» **Material for this task**
○ ○ ○ ○ ○ ○ ○

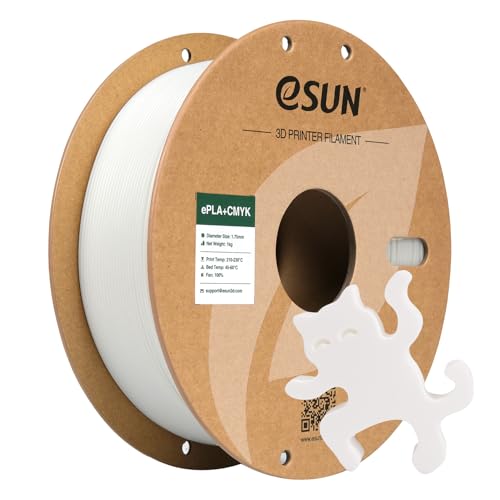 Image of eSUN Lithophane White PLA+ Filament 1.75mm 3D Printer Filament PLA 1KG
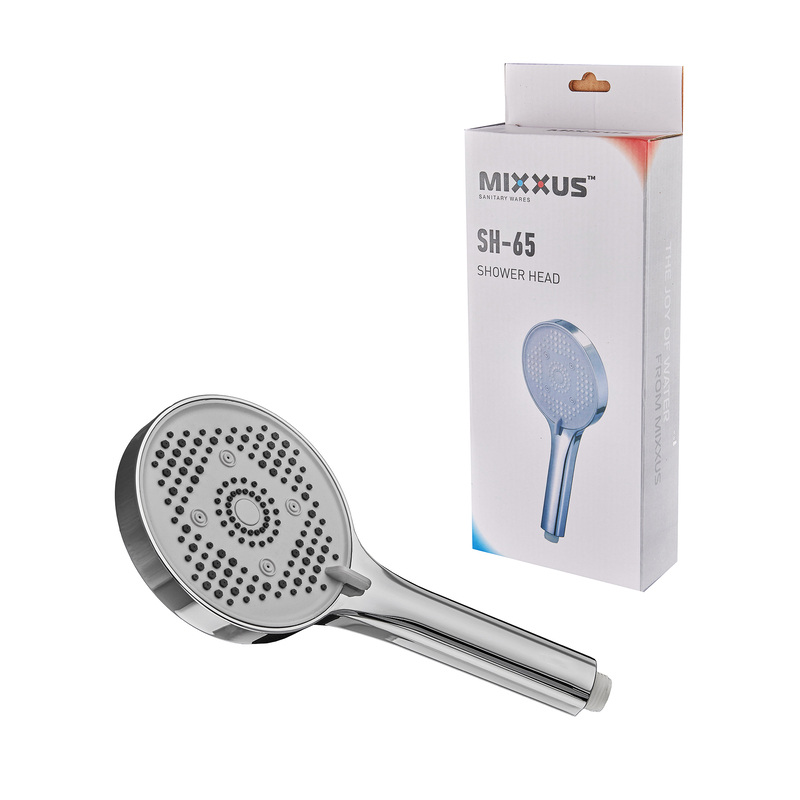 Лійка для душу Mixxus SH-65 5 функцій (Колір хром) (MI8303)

○ ○ ○ ○ ○ ○ ○

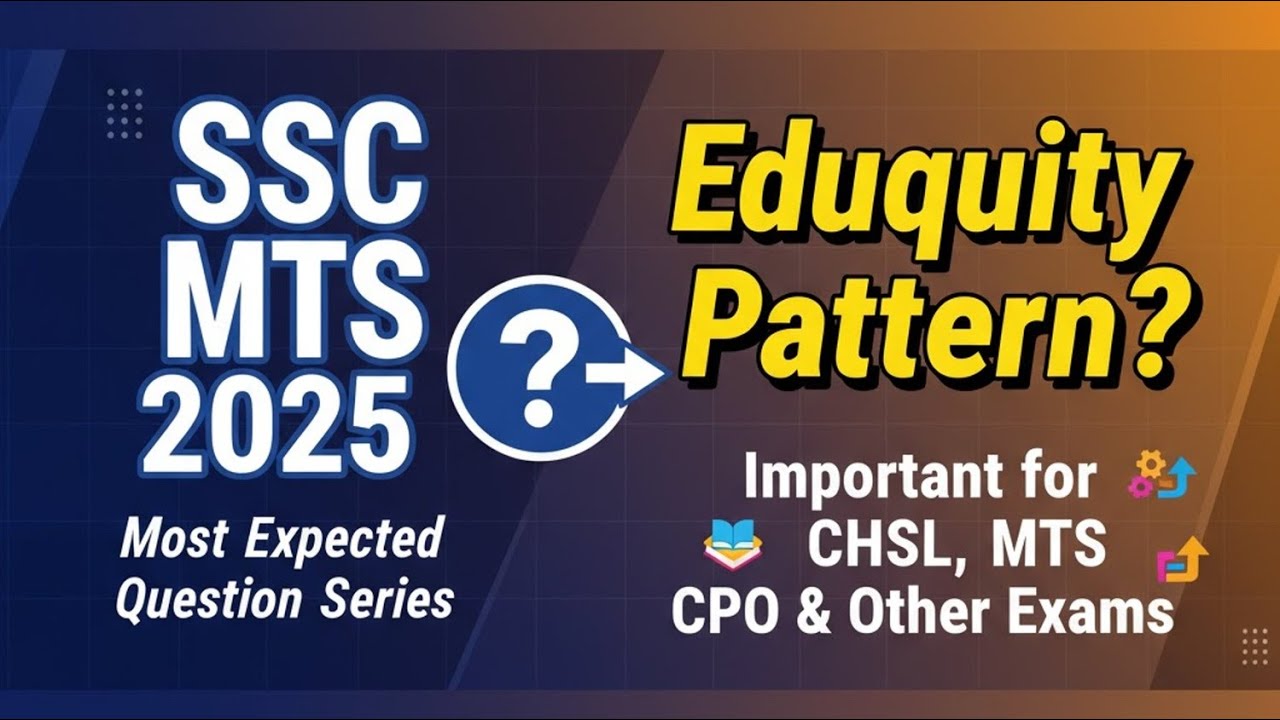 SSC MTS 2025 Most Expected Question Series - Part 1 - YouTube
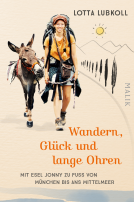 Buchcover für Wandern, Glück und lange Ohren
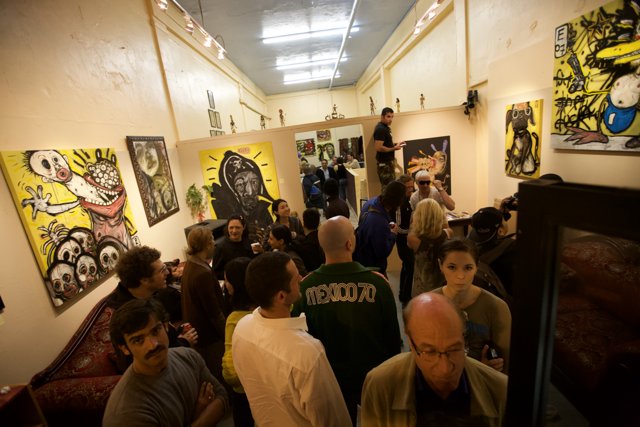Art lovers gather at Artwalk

○ ○ ○ ○ ○ ○ ○

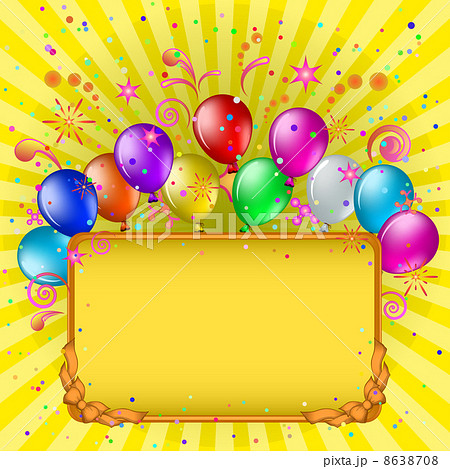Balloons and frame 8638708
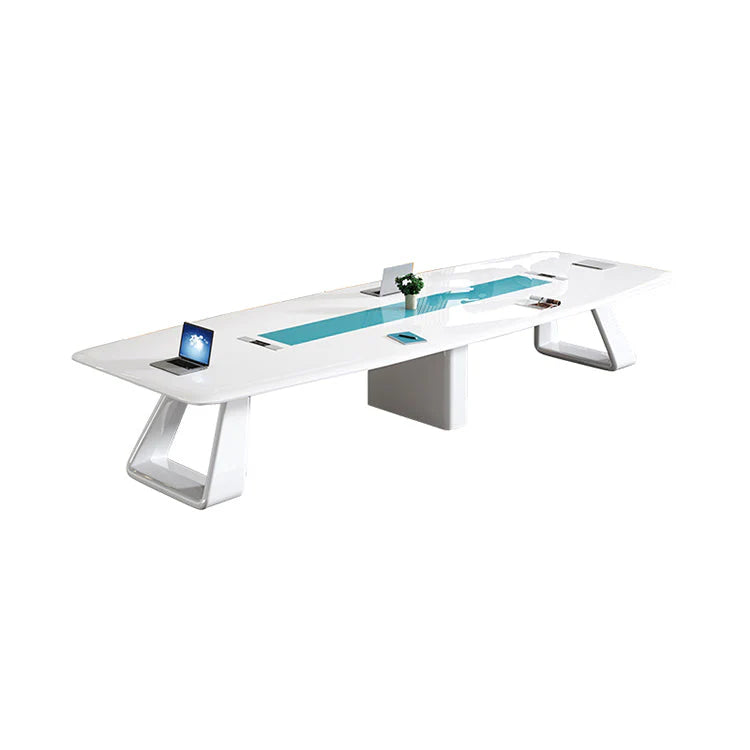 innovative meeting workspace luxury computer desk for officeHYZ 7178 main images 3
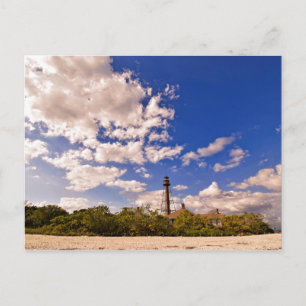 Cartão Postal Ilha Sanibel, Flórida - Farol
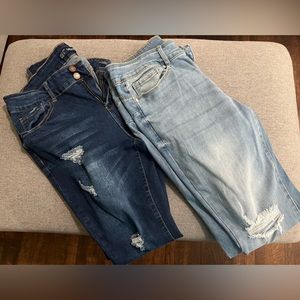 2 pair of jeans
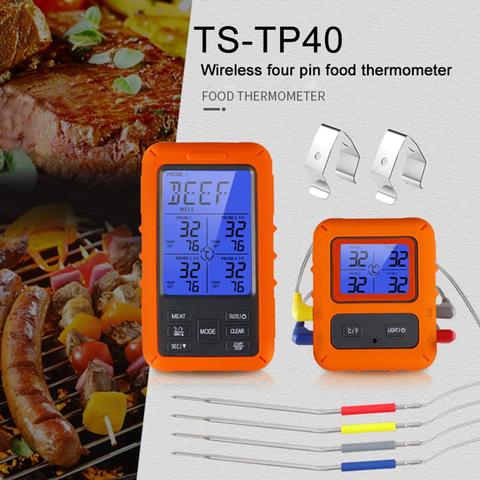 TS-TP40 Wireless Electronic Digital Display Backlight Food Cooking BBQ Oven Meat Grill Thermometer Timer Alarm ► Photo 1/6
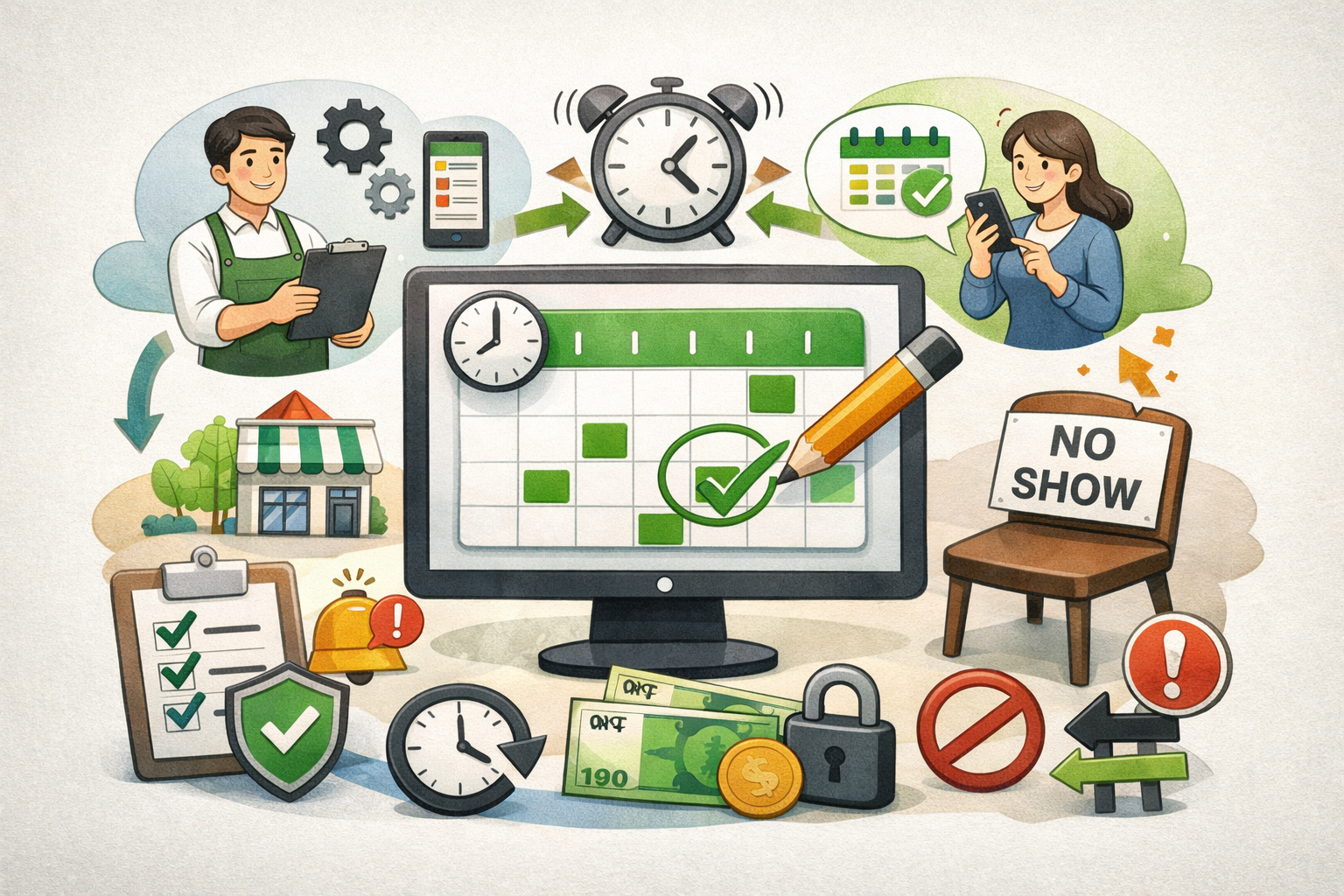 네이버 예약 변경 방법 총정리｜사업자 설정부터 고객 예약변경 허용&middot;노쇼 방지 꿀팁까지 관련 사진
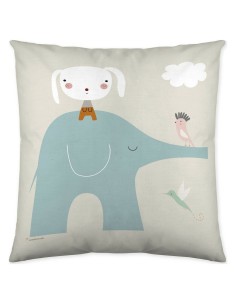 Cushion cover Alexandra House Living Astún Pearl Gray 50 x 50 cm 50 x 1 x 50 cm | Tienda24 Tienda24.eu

○ ○ ○ ○ ○ ○ ○

» **Try it**
Look above for the line with "네이버 예약 변경 방법" and the line with "Cushion cover Alexandra". Output those two and everything between them exactly, pictures excluded.

» **Task response**
 네이버 예약 변경 방법 총정리｜사업자 설정부터 고객 예약변경 허용&middot;노쇼 방지 꿀팁까지 관련 사진
 Cushion cover Alexandra House Living Astún Pearl Gray 50 x 50 cm 50 x 1 x 50 cm | Tienda24 Tienda24.eu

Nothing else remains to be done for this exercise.